#### [What you are asked to do]
Please copy exactly the lines from the one containing "Bat 3D SVG Multilayer PaperСut Files" to the end of the entries, both included, and nothing else. Omit every picture.
====== Record extracts ======
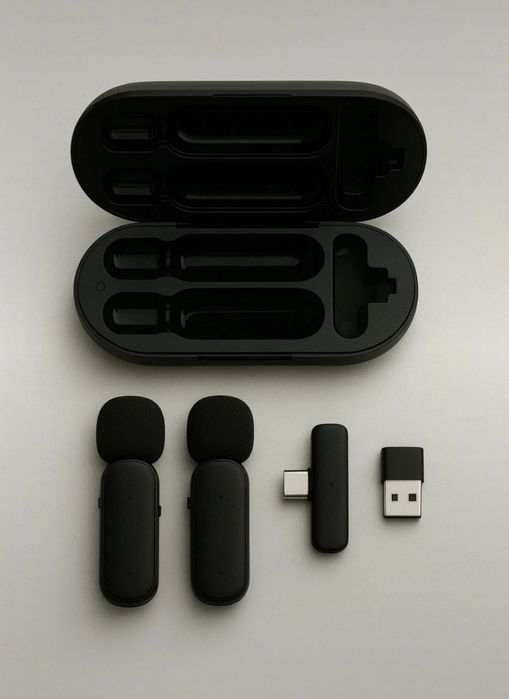 Microfones de Lapela Sem Fios Profissionais – iPhone / Android / PC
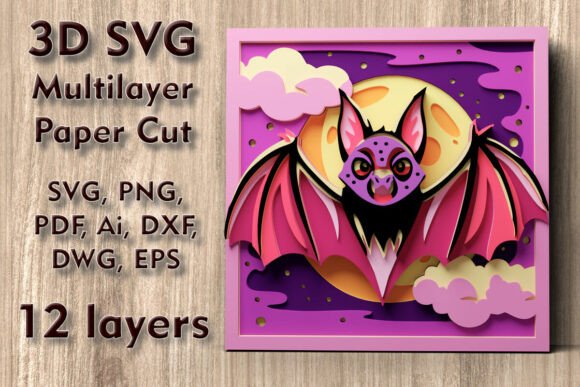Bat 3D SVG Multilayer PaperСut Files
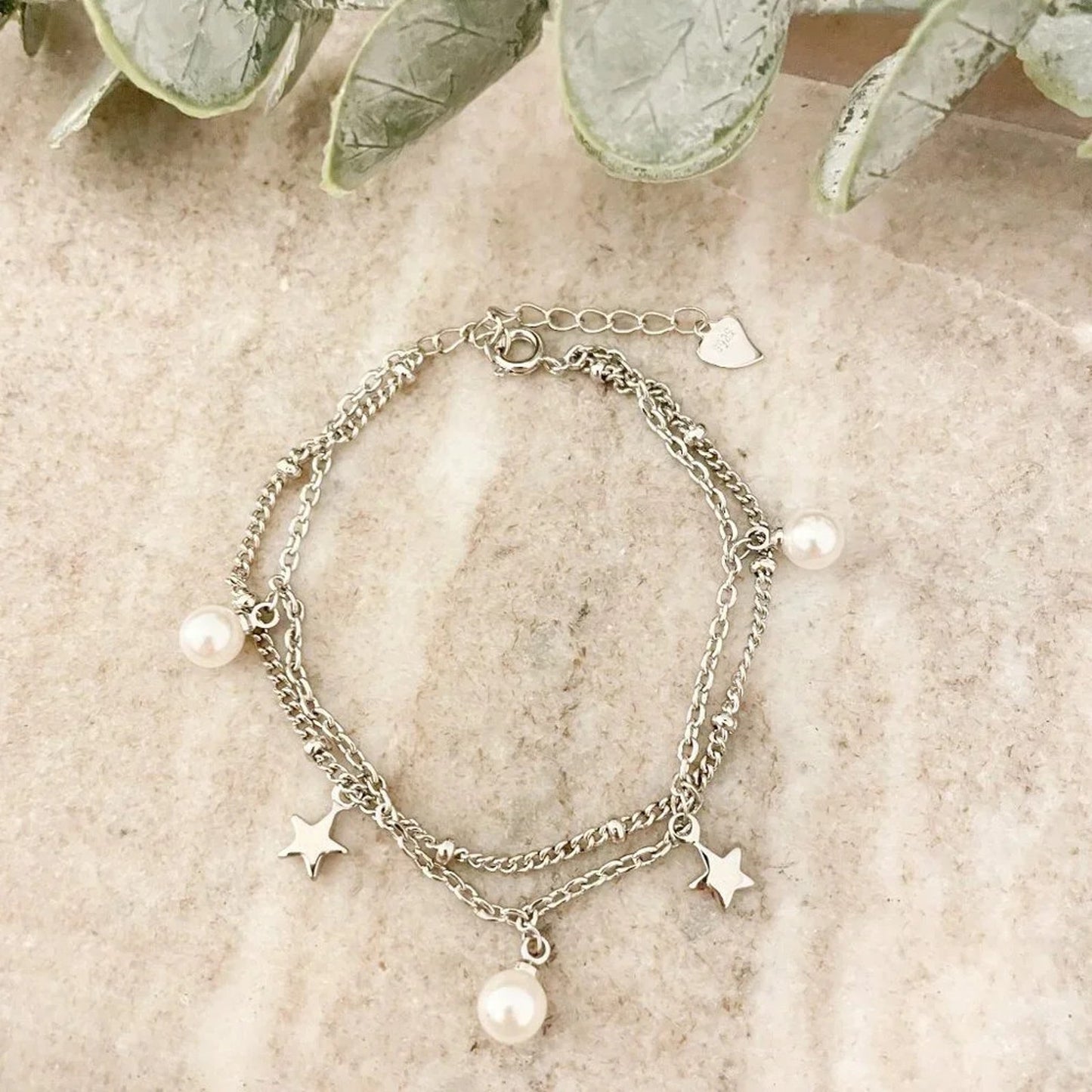 925 Sterling Silver Pearl & Star Multi Layer Bracelet Dainty Bracelet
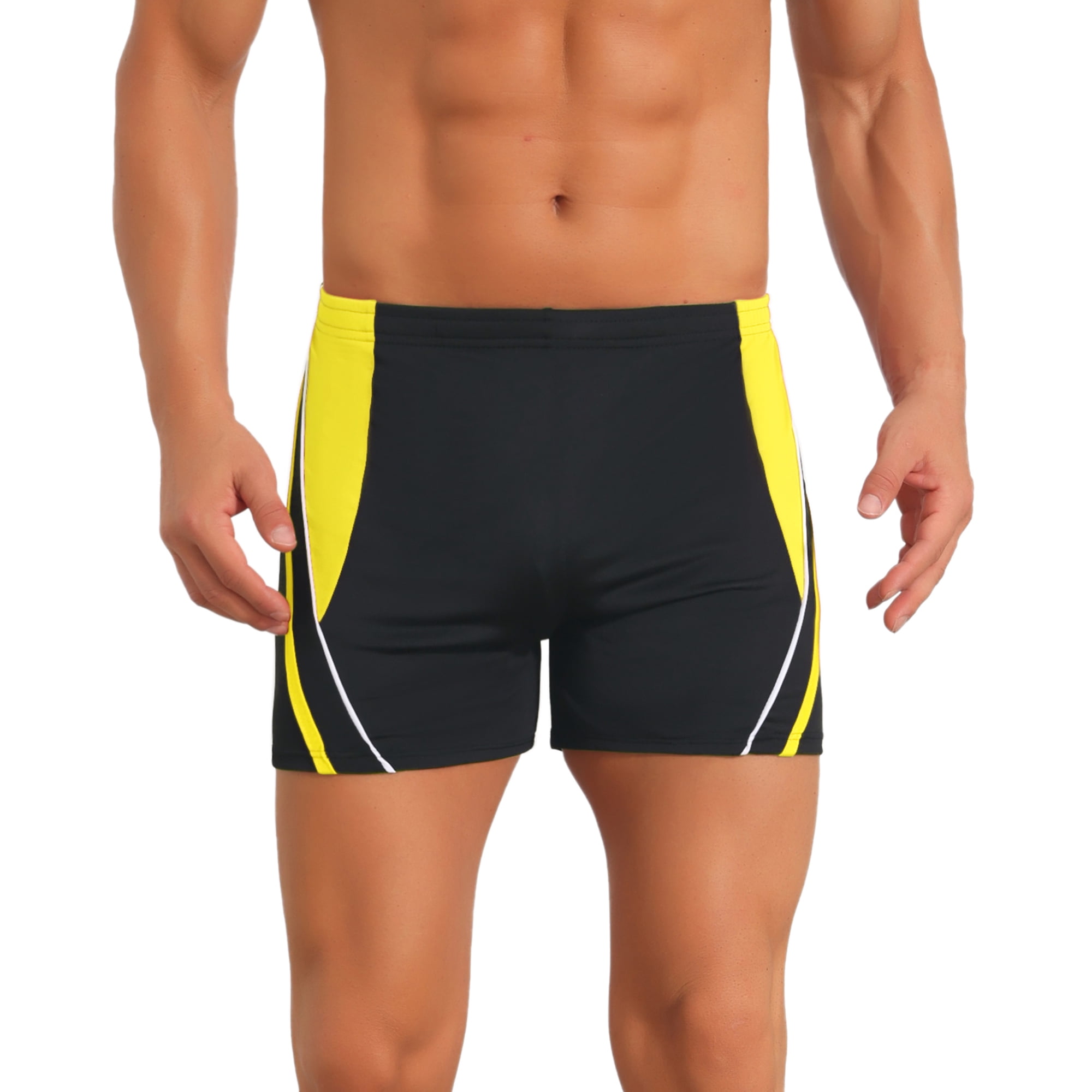 DARING DIVA Men's Block Swimwear Adjustable Drawstring Pool Swimming Shorts 28 Yellow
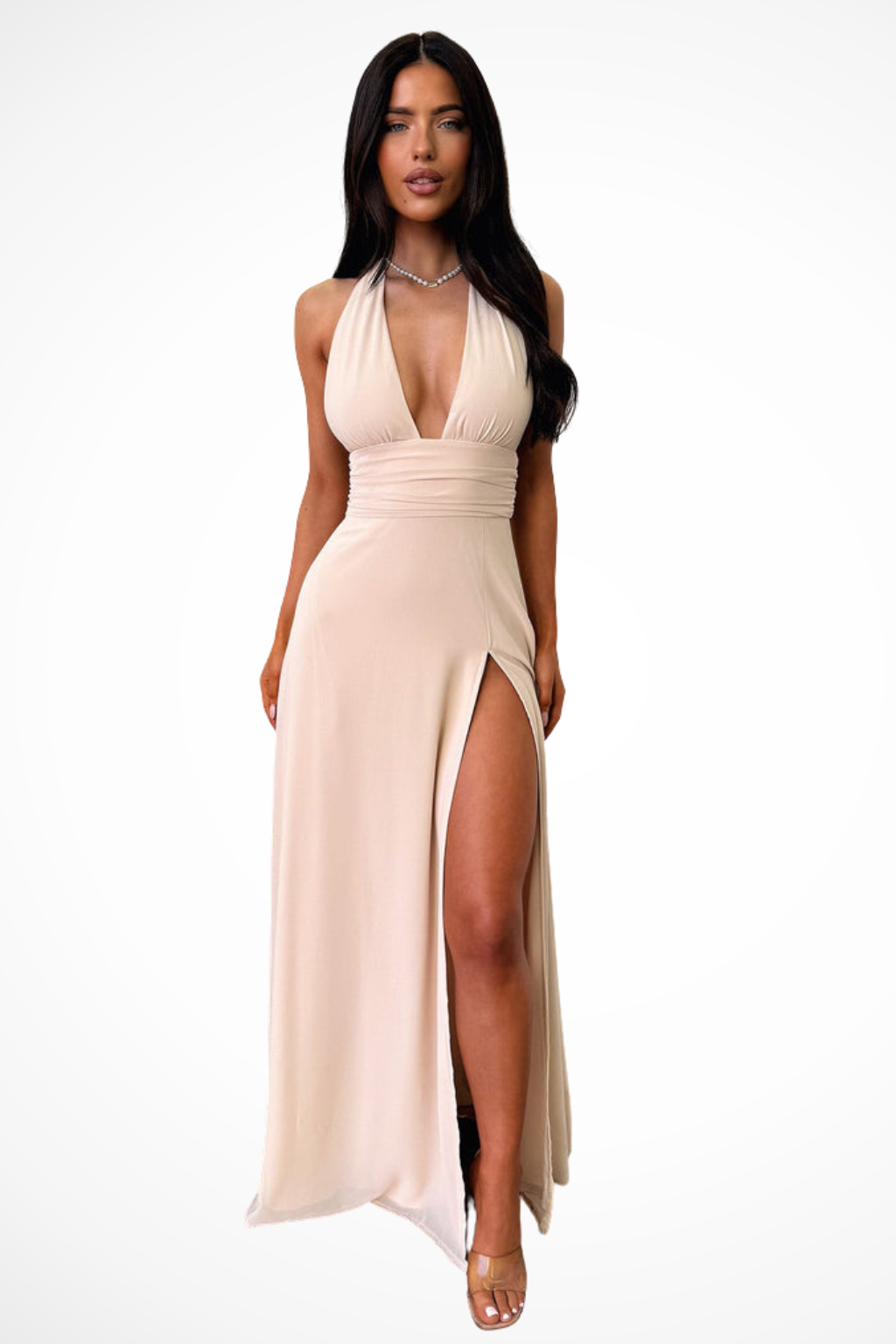 Deep V Halter Neck High Split Chiffon Maxi Dress - Formal Evening Gown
======
#### [Result]
Bat 3D SVG Multilayer PaperСut Files
 925 Sterling Silver Pearl & Star Multi Layer Bracelet Dainty Bracelet
 DARING DIVA Men's Block Swimwear Adjustable Drawstring Pool Swimming Shorts 28 Yellow
 Deep V Halter Neck High Split Chiffon Maxi Dress - Formal Evening Gown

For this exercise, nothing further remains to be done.